Tucker and Dale vs. Evil (2011)

Cute, low-key horror-comedy about duo of well-meaning, but buffoonish rednecks on vacation who are vilified, demonized, and, indirectly, tortured by a nearby group of teens. The central joke of the piece is a riff on Deliverance; because Tucker and Dale fit the image of inbred, angsty jungle folk, the teens are so scared for their lives that they, in turn, go about putting themselves in actual danger. There is not much more in terms of plot, save for a cute, tenuous romance with Tucker and one of the teens, so I will not ruin any of the gags, plot twists, or death scenes(!) that make this quite a fun watch for horror buffs. I will say that as the titular duo, Reaper's Tyler Labine and Alan mothafreaking Tudyk are absolutely sweet, well-rendered, and hilarious; if you did not buy the well-meaning sincerity of their rough-around-the-edges characters, the entire film would fall apart. Katrina Bowden, the resident "hottie" of 30 Rock, also warrants mention for playing it straight and irony-free (unlike on 30 Rock) as the love interest; in a nice spin on the typical horror lead role, she is separate from her friends in her understanding that there is NO threat, as opposed to her being the savvy survivalist a la Jamie Lee Curtis or Neve Campbell. The movie has a sort of half-indie, half-DTV feel to it, sort of like David Arquette's similar, but more freakish The Tripper, but it only serves to highlight the absurd and over-the-top tone of the film; a big-budget sheen on this one, along with bigger names in the starring roles, would have taken the piss out of the whole thing.
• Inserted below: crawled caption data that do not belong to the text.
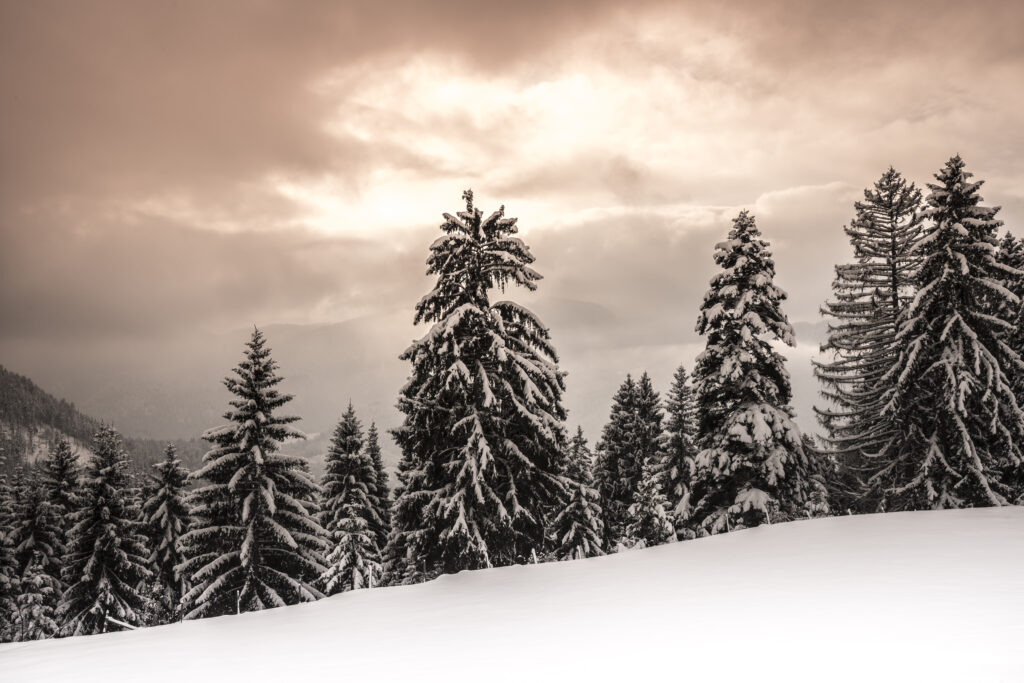 Bayerischer Winterwald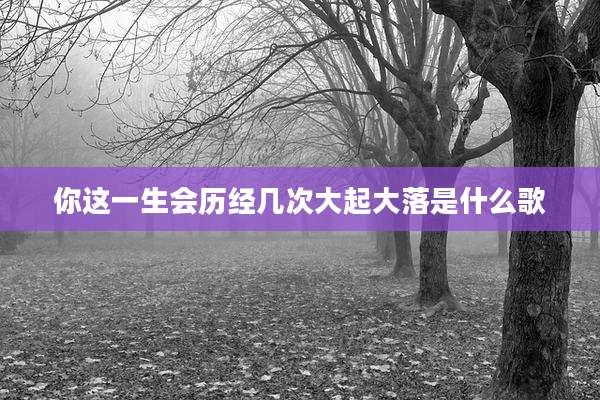 你这一生会历经几次大起大落是什么歌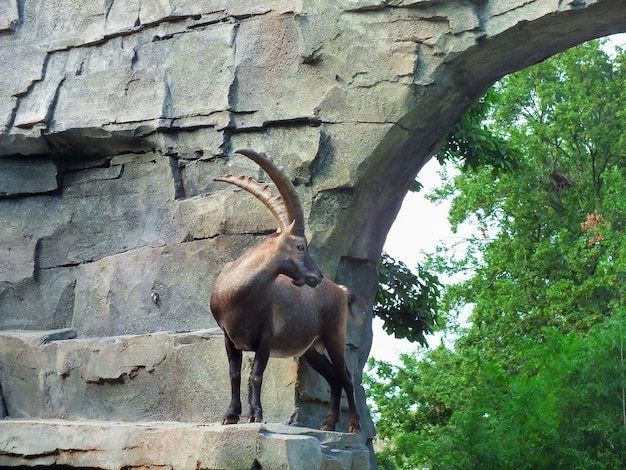 Un capricorno in piedi sulle rocce in uno zoo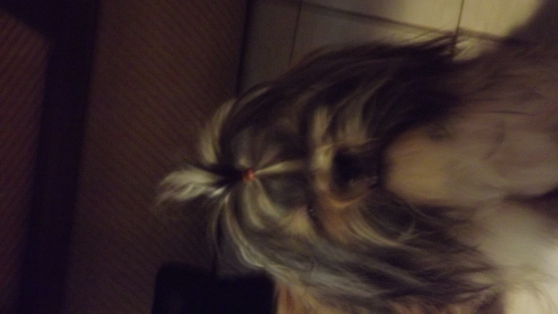 SHIH TZU LOF A VENDRE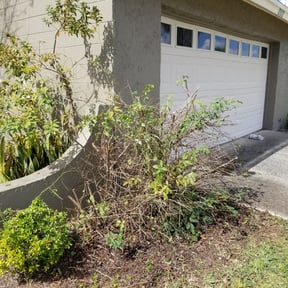 Bush Trimming by Roth Mowing reviewed on August 19, 2025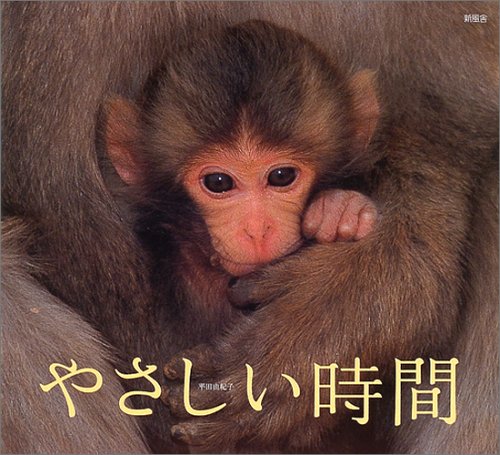 やさしい時間
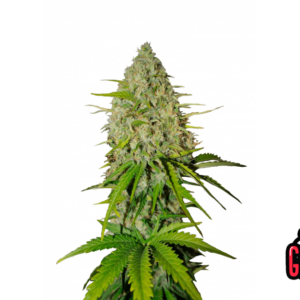 Grapefruit Auto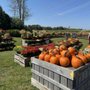 Photo of Harner Farm Market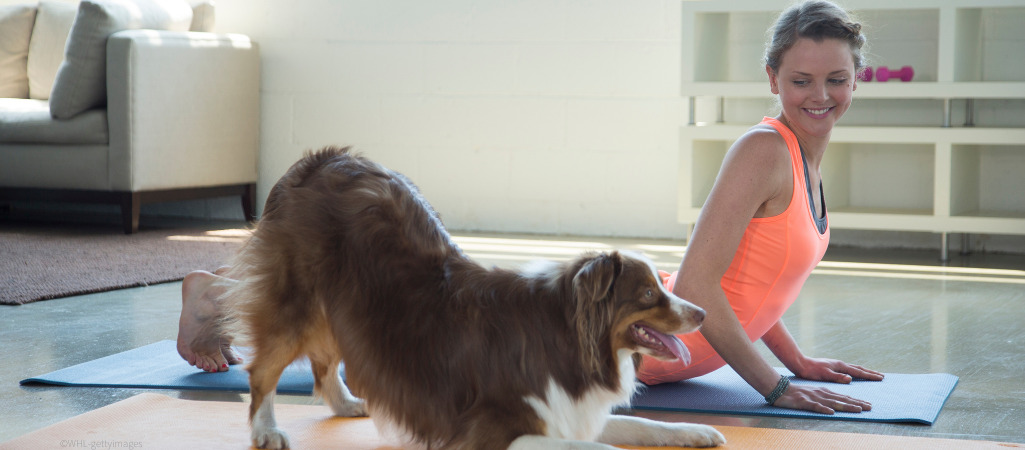 Ein Hund sitzt auf einer Yoga Matte und führt die Gebetsstellung aus.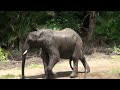 Kilimanjaro Safaris Expedition On-ride (Complete HD Experience) Animal Kingdom WDW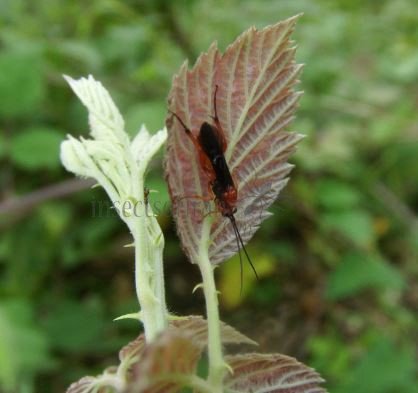 Bassus sp-8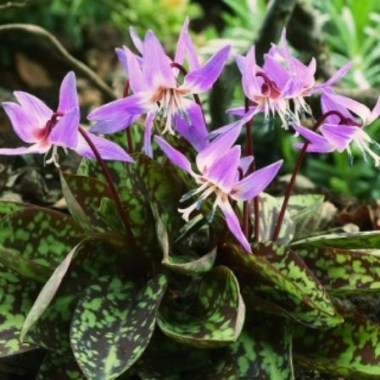 Erythronium-dens-c.-Purple-King1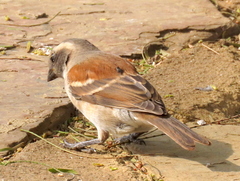Passer melanurus melanurus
I am not saying that this is Shaun of the Dead, or even Cannibal: The Musical, but it is a fun, diverting flick that tickles its core audience (read: horror fans) to the bone.

Recommended for savvy horror fans, specifically those familiar with the subgenre of films like Texas Chainsaw Massacre, Wrong Turn, and The Hills Have Eyes. There is a cuteness and sincerity on display here that elevates it above purely comical exercises like The Tripper

P.S. There is a tacked-on, probably reshot ending that is hokey and doesn't really fit with the rest of the film, but it does keep the tone from seesawing completely over to one side of the horror-comedy balance.